We hooked up again. Still awkward. Still bad. He still tried to “impress” me with a bunch of sex moves that weren't intuitive and you could tell. It was like watching a bad actor butcher his lines. And you know what? I even gave him a third chance.
“Maybe it was just a big miscommunication. He probably thought I was into that and he was just wrong. I’ll forgive him and we can set up another date.”
But when it happened the third time, I decided I couldn’t date someone like him. He had everything else I was looking for but the sex was just too bad and it was bad because he made it into an uncomfortable performance that was hard to watch. Inauthentic sex just isn’t good. And I wasn’t about to trade one insecure guy who let it eat him up and destroy what we had over a couple of years for another, only to have him do the exact same thing.
We tried three times and I wasn’t going to hook up with him a forth. I needed to move on and find someone who was better suited to me.
I’m all for a little bit of role-playing or the adopting of different characters in the bedroom, but I don’t do well with clear dishonesty. And those sorts of things should be discussed before you spring them on an unsuspecting person who doesn’t know what you’re doing and how to respond. It’s nerve-racking.

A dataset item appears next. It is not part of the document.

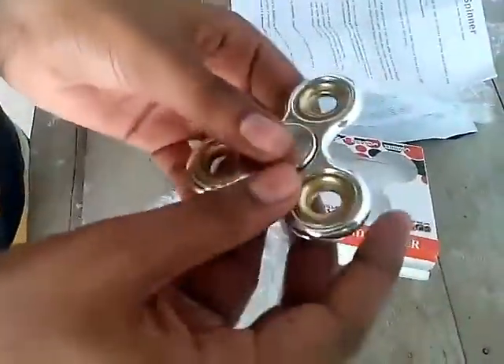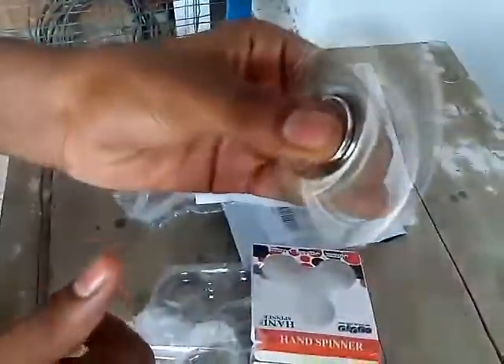Here we have a spinner made of steel. Let's test it. It is rolling very freely.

At the end of the day, I’m happy with the guy I have now and Mr. Safe and I are still close friends, even if he lives in another state now. We talk here and there and he’s happy living his life. And wouldn’t you know it, this story has even more of a happy ending because Mr. Dangerous finally got his act together and he’s an amazing friend, he just has too many problems to keep as a boyfriend.
The lesson of the day: engage in whatever fun kinks you want, but don’t lie about who you are and try to have the kind of sex you *think* someone else wants, at least not without asking them first.